ACTION ITEM
Print out the records below with nothing altered.
━━━━
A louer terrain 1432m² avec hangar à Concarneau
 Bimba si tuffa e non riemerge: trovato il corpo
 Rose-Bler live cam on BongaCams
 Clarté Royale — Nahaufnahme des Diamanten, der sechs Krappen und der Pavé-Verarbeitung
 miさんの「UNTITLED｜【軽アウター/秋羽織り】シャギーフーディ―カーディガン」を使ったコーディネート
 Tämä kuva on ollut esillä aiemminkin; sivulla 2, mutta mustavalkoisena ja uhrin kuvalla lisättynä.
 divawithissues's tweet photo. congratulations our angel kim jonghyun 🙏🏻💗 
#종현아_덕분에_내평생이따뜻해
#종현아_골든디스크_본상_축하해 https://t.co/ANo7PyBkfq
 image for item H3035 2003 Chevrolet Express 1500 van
━━━━
TASK ANSWER
A louer terrain 1432m² avec hangar à Concarneau
 Bimba si tuffa e non riemerge: trovato il corpo
 Rose-Bler live cam on BongaCams
 Clarté Royale — Nahaufnahme des Diamanten, der sechs Krappen und der Pavé-Verarbeitung
 miさんの「UNTITLED｜【軽アウター/秋羽織り】シャギーフーディ―カーディガン」を使ったコーディネート
 Tämä kuva on ollut esillä aiemminkin; sivulla 2, mutta mustavalkoisena ja uhrin kuvalla lisättynä.
 divawithissues's tweet photo. congratulations our angel kim jonghyun 🙏🏻💗 
#종현아_덕분에_내평생이따뜻해
#종현아_골든디스크_본상_축하해 https://t.co/ANo7PyBkfq
 image for item H3035 2003 Chevrolet Express 1500 van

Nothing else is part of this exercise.